Located in Garavicchio, close to Capalbio, on the boundary between Tuscany and Lazio, the Tarots Garden is built on a gentle slope caressed by the sea. Its scent and sound never leave you alone while you are walking through the itinerary of 22 statues inspired by the Major Arcana of the tarot cards. Some of them are human size, but others are 15 meters tall so you could live inside. All of them are decorated with coloured mosaic tiles and glass.
The Art Park was conceived by Niki de Saint Phalle (1930-2002), a French-American painter and sculptor. The main inspiration was Antoni Gaudi’s Parc Guell that she visited for the first time in 1955 during a trip to Barcelona. She began building the park in 1979 and she completed it in 1996. The park was opened to the public in 1998.
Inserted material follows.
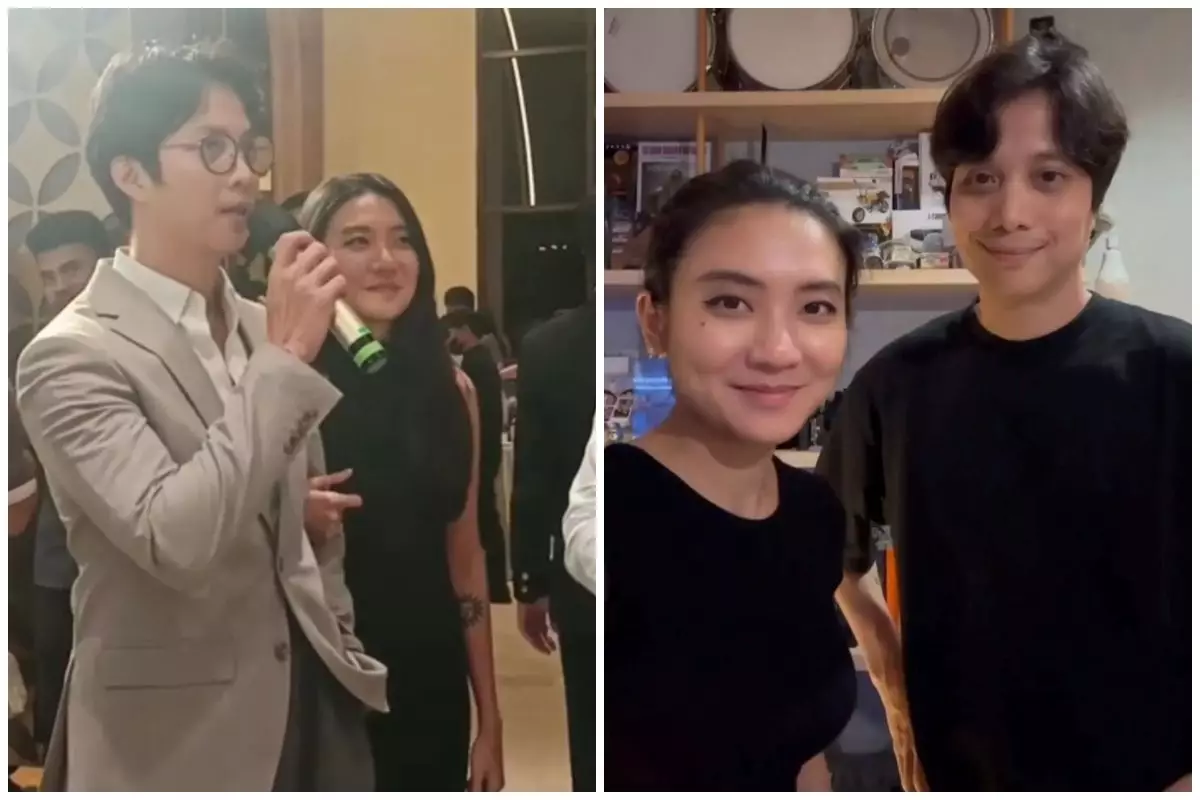 Tak suka kondangan, ini 9 potret Dikta menghadiri pernikahan, sosok gandengan jadi sorotan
Walking through the entrance, a circular opening nestled in an impressive brick wall designed by the Swiss Architect Mario Botta, you can clearly feel that you are going into a different dimension; one that is quiet and peaceful. Leaving the problems of the outside world behind, I entered the garden, ready to explore a place that I had long heard about and finally the moment had arrived.
A glimpse of the first giant statues, a shiny blue spot between the trees, causes you to stop and gather your thoughts as you realize this is the place that lives up to its reputation: a fantastical ‘piazza’ pops up, in which water runs down the front of a big blue two-headed monster and moves metal creations. A gigantic pink-breasted sphynx looms to the left (La Papessa), and other mildly diabolical structures complete the picture (Il Mago). You are engaged in every way, by the colours, the light glinting off the mosaics, the sound of the water and the sound of the moving metal sculptures designed by her husband Jean Tinguely.
From the central ‘piazza’, you can explore the whole park, walking through different pathways, sinuous like the surrounding landscape. The pathways are part of the artwork: Niki de Saint Phalle carved their surface writing her thoughts, memories, messages of hope and faith. While you are walking, she is walking with you sharing her experience, feelings and art.
It’s not just a physical journey, it’s also spiritual.
The artist writes:
‘I am convinced that the cards contain an important message. The tarot cards have given me a key to better understanding my spiritual life and to dealing with life’s problems’.
The Feminine is very present in Niki’s works, as it’s a celebration of her own womanliness. It’s not a coincidence that the most important sculpture of the whole complex is the Empress (L’Imperatrice) in which the artist lived for a long time during the construction process of the statue. The Empress overlooks the whole garden; its body, giant and lavish, is incredibly voluptuous, coloured and shiny. It’s a representation of the ‘Mother Goddess’, the personification of nature, motherhood, fertility, creation and destruction. The inside is totally covered in glass: endless reflections describe the immortal soul.
I spent the whole day walking through this garden, lost in my thoughts. The spontaneous Mediterranean garden frames this incredible masterpiece and I felt lucky I was there, in touch with the spiritual legacy of the artist. I was also wondering what I could have learned from this experience, until I read this sentence from Niki’s biography:
’This garden was made with great difficulty, with love, with crazy enthusiasm, with obsession, and more than anything else, with trust. Nothing and nobody could have stopped me’
And I realized that the most important thing in life is to never stop believing in our dreams.